Are we willing to give up democracy if an algorithm proves to be a more efficient system of government for organizing the economy, even in terms of social justice?

Building on this legacy, and considering current technological advancements, some thinkers like Paul Cockshott, a declared bungist, have begun to think about applying computing to the organization of an egalitarian society, which they call Cybercommunism. The basic idea is that if machines were programmed for the right purpose, that is, not to maximize profits but to maximize the well-being of the people, the Marxist dream of a planned economy would become possible. Pure and simple Technocracy.

This idea also emerges interestingly in the book "The Walmart Republic" by Leigh Phillips and Michal Rozworski. According to the authors, if AI has proven incredibly efficient at organizing gigantic human structures like the megacorporations of Walmart or Amazon, nothing would prevent extending this to the management of entire societies.

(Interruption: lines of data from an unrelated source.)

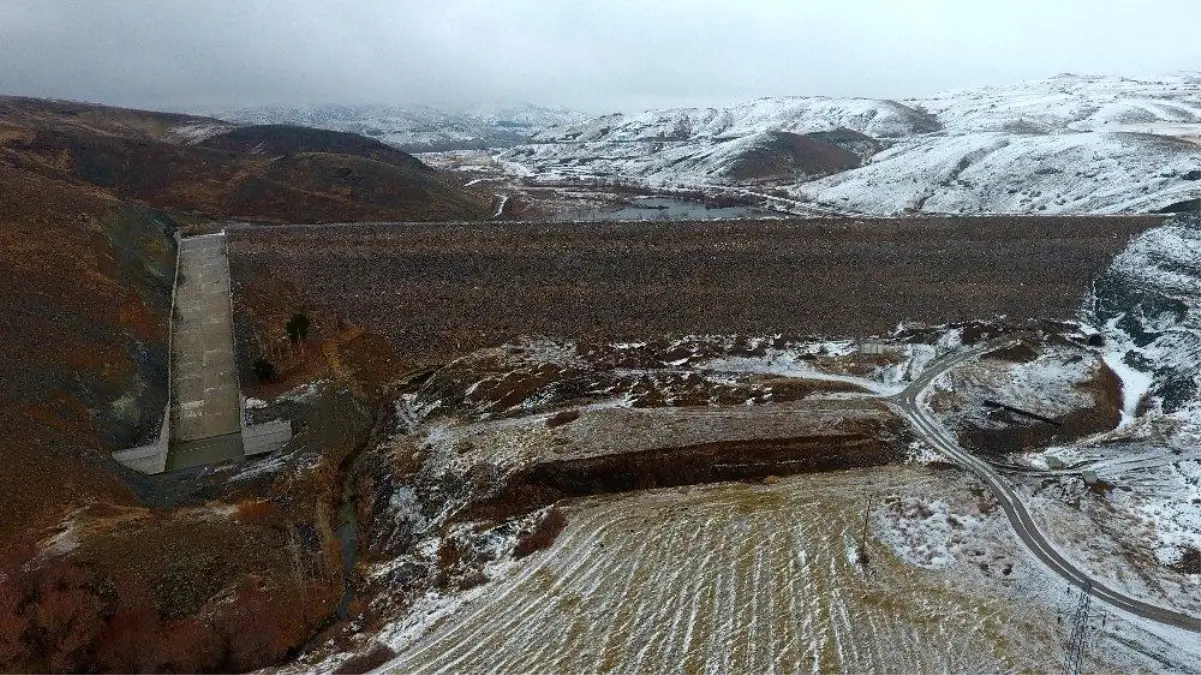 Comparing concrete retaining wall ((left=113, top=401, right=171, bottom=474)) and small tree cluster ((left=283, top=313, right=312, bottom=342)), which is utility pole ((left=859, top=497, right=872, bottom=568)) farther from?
small tree cluster ((left=283, top=313, right=312, bottom=342))

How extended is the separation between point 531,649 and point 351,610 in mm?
5910

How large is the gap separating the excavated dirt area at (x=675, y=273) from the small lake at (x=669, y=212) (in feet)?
88.8

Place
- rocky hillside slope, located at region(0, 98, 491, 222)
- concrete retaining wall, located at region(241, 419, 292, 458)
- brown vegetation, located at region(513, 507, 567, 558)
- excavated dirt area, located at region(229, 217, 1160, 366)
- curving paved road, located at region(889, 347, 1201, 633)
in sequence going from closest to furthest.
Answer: curving paved road, located at region(889, 347, 1201, 633) → brown vegetation, located at region(513, 507, 567, 558) → concrete retaining wall, located at region(241, 419, 292, 458) → excavated dirt area, located at region(229, 217, 1160, 366) → rocky hillside slope, located at region(0, 98, 491, 222)

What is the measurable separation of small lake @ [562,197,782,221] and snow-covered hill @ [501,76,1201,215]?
40.0 feet

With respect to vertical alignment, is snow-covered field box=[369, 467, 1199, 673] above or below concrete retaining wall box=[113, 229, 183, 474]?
below

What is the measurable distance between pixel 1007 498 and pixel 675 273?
2480 cm

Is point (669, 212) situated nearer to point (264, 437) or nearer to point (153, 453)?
point (264, 437)

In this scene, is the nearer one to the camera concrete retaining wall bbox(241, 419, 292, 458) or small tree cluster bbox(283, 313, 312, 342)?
concrete retaining wall bbox(241, 419, 292, 458)

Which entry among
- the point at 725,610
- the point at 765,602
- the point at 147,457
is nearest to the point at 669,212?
the point at 147,457

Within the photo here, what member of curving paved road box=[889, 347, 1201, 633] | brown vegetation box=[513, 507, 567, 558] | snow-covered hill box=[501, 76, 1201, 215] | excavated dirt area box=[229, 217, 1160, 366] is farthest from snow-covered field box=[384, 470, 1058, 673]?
snow-covered hill box=[501, 76, 1201, 215]

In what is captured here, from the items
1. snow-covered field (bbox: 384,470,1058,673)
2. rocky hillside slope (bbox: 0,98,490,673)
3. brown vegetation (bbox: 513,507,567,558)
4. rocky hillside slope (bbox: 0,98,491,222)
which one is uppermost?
rocky hillside slope (bbox: 0,98,491,222)

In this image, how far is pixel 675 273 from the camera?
150 ft

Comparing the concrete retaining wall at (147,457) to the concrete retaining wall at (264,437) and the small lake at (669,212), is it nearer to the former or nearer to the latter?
the concrete retaining wall at (264,437)

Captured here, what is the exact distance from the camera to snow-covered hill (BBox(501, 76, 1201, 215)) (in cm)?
7038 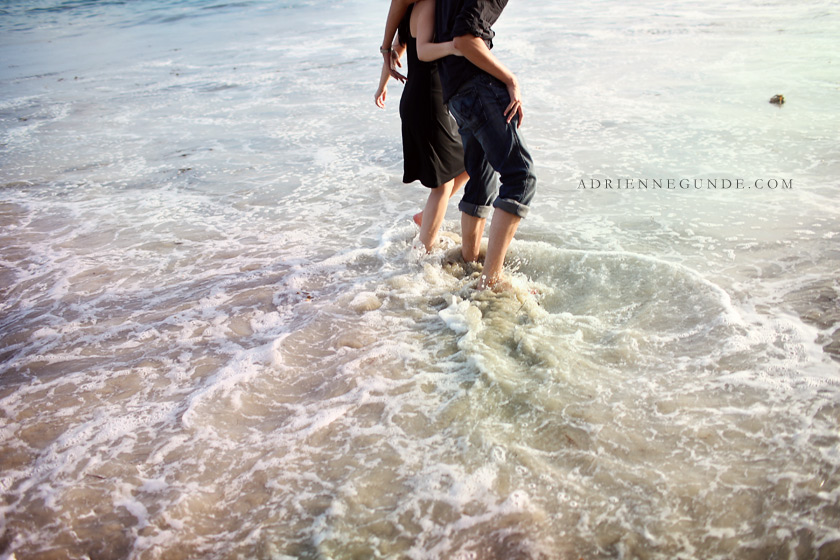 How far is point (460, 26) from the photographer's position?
299cm

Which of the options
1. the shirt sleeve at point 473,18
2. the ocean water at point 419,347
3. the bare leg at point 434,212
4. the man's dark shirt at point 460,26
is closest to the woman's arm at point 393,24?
the man's dark shirt at point 460,26

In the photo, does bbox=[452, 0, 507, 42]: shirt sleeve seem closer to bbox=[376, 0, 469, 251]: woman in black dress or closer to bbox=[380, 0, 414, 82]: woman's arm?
bbox=[376, 0, 469, 251]: woman in black dress

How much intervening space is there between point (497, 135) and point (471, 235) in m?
0.88

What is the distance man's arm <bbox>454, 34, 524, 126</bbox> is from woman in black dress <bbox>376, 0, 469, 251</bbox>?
342 mm

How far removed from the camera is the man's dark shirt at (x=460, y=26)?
9.79 feet

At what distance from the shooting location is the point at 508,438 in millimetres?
2547

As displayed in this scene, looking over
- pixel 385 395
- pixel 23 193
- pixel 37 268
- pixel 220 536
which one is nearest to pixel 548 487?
pixel 385 395

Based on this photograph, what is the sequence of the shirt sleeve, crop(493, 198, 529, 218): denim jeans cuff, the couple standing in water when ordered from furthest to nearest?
crop(493, 198, 529, 218): denim jeans cuff < the couple standing in water < the shirt sleeve

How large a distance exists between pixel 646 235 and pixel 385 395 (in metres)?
2.54

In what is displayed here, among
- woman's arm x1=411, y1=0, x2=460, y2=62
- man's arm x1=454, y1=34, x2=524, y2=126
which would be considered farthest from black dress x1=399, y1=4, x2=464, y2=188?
man's arm x1=454, y1=34, x2=524, y2=126

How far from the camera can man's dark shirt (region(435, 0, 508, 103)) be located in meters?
2.98

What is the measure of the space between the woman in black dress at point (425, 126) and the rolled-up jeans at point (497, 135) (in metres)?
0.31

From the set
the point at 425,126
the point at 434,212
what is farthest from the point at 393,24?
the point at 434,212

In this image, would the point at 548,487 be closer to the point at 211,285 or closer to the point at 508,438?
the point at 508,438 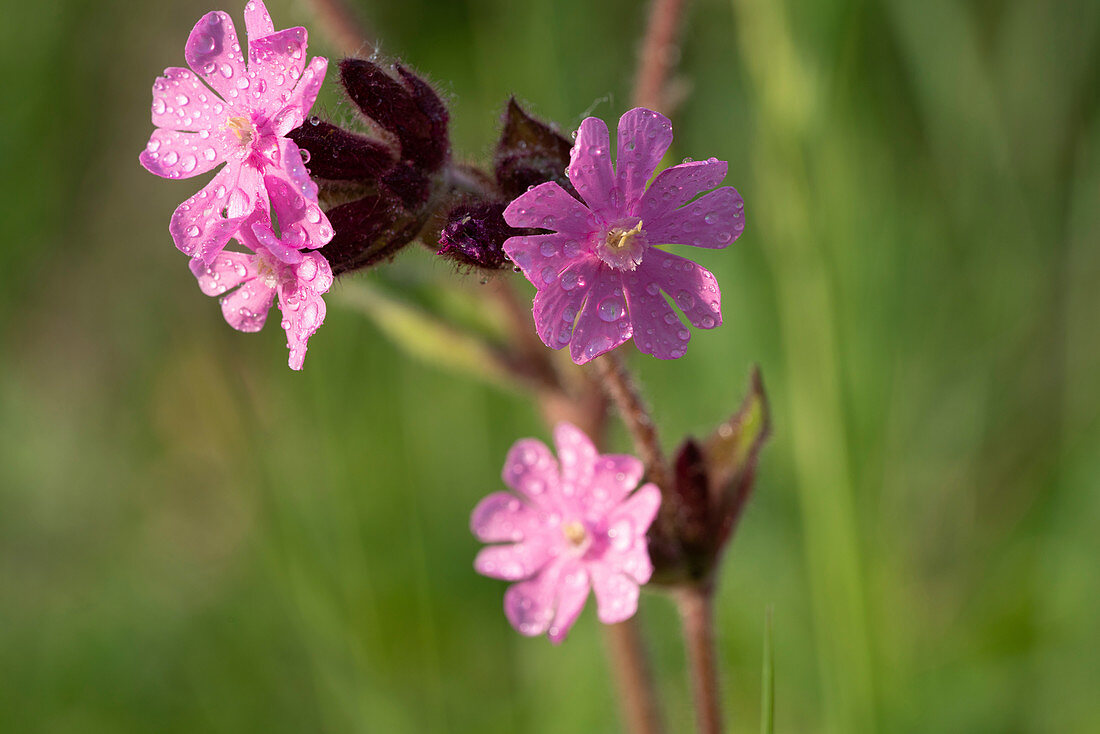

This proposal raises a new dilemma: are we willing to give up democracy if an algorithm proves to be a more efficient system of government for organizing the economy, even in terms of social justice? How would that efficiency be measured, considering there will always be conflicting interests? In any case, someone would need to program that machine and ensure it operates transparently, which brings us back to the issue of who owns the AI. If we believe that where there is a need, a right is born, shouldn't we promote the development of autonomous AI to guarantee sovereignty? Is it time to think about Cyber-Peronism?

All these questions make it clear that the discussion about the mathematization of society is no longer abstract and has concrete political and social consequences. While we are far from realizing psychohistory, Asimov's concept has long ceased to belong exclusively to the realm of science fiction and poses significant challenges for the times ahead.